Osd - update Transaction encoding¶
Restructure ObjectStore::Transaction for better performance and flexibility. Enable some things that KeyFileStore would like to do to avoid journaling data in some cases.
- Sage Weil (Red Hat)
- Guang Yang (Yahoo!)
- Name (Affiliation)
Current Status¶ObjectStore::Transaction encapsulate a set of changes made to the local ObjectStore (usually FileStore) as an atomic unit.
The current encoding looks something like this:
- write data X to object A in collection D
- set attribute Y on object A in collection D
- set other attribute Z on object A in collection D
- set attribute W on collection D
- set key/value U on object B in collection C
The other problem is that sequences like
- clone object A in collection D to object B in collection D
- write data X to object A in collection D
are complicated events for the backend to replay when the objects are in an unknown state (due to a failure).

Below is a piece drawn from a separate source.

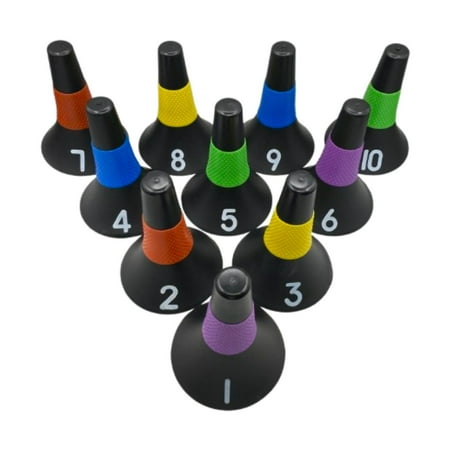 GARENDE 10 Pieces Soccer Cones s Signs for Obstacle Course Hurdle Basketball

We do a lot of ugly tricks setting xattrs and calling fsync() to ensure ordering and prevent, say, a replayed transaction just prior to the above sequence from re-cloning A to B and polluting it with data X (that was perhaps written just prior to the crash).
Detailed Description¶Two basic proposals.
First, introduce a handle-based interface and encoding for ObjectStore::Transaction. Instead of
- t.write(coll, obj, offset, length, data)
- t.setxattr(coll, obj, name, value)
- t.setxattr(othercoll, otherobjet, name2, value2)
- int h = t.get_object(coll, obj) // returns 0
- t.write(h, offset, length, data)
- t.setxattr(h, name, value)
- int h2 = t.get_object(othercoll, otherobj) // returns 1
- t.setxattr(h2, name2, value2)
This will be an encoding change that is not backwards incompatible. We will need to encode the old format when necessary for a mixed version cluster.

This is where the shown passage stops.